My parents have two Rottweilers, a female who is a couple months old and a male who is under two years. Maximus, the male, became very ill recently. A month ago they thought he had kennel cough and long story short he had a mass in his lung that had to be removed along with part of his liver. After what was thought to be a speedy recovery he started coughing again so back to Birmingham for testing. I was still tired from just getting back from down range (deployed) but no one else could go with my Mom so I didn't mind. We drove up there, dropped Maximus off, got a hotel room, picked him up the next day and then we drove the 4.5hrs back. When we got home it was glorious. An empty case and six pack of beer on the island, dry dog food all over the floor, two dog bowls and stand are strewn through out (one had had water in it,) dirty cups, food packaging and wrappers, and a bag of trash on the kitchen table. (When I say trash I don't mean papers...i mean a kitchen garbage bag full of garbage) Mom and I are standing in the destroyed room, Mac walks in, and he is pissed!
Mac: "What are you doing here?"
Me: "haha uh what?"
Mac: "I didn't know you were coming home. You didn't call and say you were on your way and I invited Adam over."
Me: "So?"
Mom: "That's fine Adam can come over."
Me: "Wait, why does it matter that we're here and you were going to have Adam over? and why does it look like a bomb went off in here?"
Mac: "Well Ashley obviously we were going to have gay sex."
Me: "See you're being sarcastic but other than that drugs are the only thing I can think of that two "grown" men would need an empty house for. Soooo"
Mac: "Y'all just didn't say you were coming home, that's all."
Mom: "It's fine, Ashley and I can watch tv in my bedroom."
Me: "What? No. This is a matter of principle i'm not hiding in your room because he's having a friend over and mainly I want to know why he's the one who's pissed when the kitchen looks like this."
Mom: "I do want to know why the garbage is on the table."
Mac: "the cans are still out at the road so i just put it up there and i'm mad because I can't figure out one of the problems on my online quiz."
Mom: "Oh well when you finish your quiz if you would go get the cans and take the trash out..."
Me: "WHOA WHOA WHOA...that's not why he's pissed, he's pissed because we're home.

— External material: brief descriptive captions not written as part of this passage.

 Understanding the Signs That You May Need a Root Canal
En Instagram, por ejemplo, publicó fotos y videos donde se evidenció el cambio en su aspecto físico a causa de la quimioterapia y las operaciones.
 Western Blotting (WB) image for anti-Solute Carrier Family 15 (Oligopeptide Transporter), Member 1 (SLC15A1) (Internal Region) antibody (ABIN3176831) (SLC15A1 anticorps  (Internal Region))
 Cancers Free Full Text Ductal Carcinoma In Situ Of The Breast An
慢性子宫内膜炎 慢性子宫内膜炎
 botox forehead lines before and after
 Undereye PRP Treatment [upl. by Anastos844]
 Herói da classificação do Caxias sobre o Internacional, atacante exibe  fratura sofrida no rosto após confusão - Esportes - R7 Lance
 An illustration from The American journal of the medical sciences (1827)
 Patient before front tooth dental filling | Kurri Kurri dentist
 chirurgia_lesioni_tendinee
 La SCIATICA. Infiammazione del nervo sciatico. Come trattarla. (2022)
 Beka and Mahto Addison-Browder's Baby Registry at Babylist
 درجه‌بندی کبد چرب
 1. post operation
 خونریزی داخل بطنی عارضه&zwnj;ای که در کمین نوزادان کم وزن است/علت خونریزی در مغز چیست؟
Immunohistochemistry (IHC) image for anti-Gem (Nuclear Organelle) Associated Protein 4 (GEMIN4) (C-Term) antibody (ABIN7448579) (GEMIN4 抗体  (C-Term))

Look at this place and when is that a good reason to put trash on the kitchen table?! And is this quiz online?"
Mac: "yeah and I've emailed and called my teacher to ask her about it"
Me:"well they have all kinds of information on the "inter-web" i prefer google soooo that might speed up this whole garbage where we eat issue."
Mac:"Whatever Ashley." (he always says my name with disgust...like it tastes bad to spit it out)
Me: "Where's Jack?!"
Jack is my 9lbs dog who I would pass my brother in a burning house to find. Jack doesn't let anyone in the house with out giving them a piece of his mind and he is always happy to see me.
Mac: "I dunno"
Me: "JACK!"
I go yelling through the house until I get to the master bathroom where I find Jack and Rusty (my Mom's chihuahua) shut up inside. I walk back to the kitchen and Mac is outside getting the garbage cans.
Mom: "Oh good you found them."
Me: "They were in the bathroom. He's seriously mad at us for coming home!"
Mom: "I know."
Me: "Actually mad and is he drunk b/c there's beer everywhere."
Mom: "I don't know."
Mac walks in with Adam. Adam is a very polite young man and tries to say hello over the dogs barking. They go back to Mac's room. Mom begins to clean the kitchen while I unload the car. After a little while Mac comes out and says that he got in touch with his teacher while she was at the gym. I just stared at him. He went back to his room for a little while longer and comes back out. My Mom is still cleaning.
Mac: "oh and Belle broke the glass in the picture by the door to my room."
Belle is my German Shepherd.
Me: "What picture?"
Mac: "The one on my wall."
Me: "How in the world did she do that?"
Mac: "She got locked in my room and she jumped up and down against the door and must have knocked it down."
Me: "why would she get that upset at being shut in your room?"
Mac: "I don't know but she did."
Me: "There's a hole in this story."
Mom: "Maybe she had to poop."
Which would make sense if either Mac had said he let her out or that she had shit in his room...he abruptly turned and went back into his room. Mom went and got the picture and pointed to it.
Mom: "There's even a white hair in it."
Me: "I'll pay for it but there's also white Belle hair in Afghanistan and a retarded amount of empty beer bottles in this house..."
I dropped the issue and finished unloading the car. Mac and Adam went into town. Mom finished with cleaning the kitchen.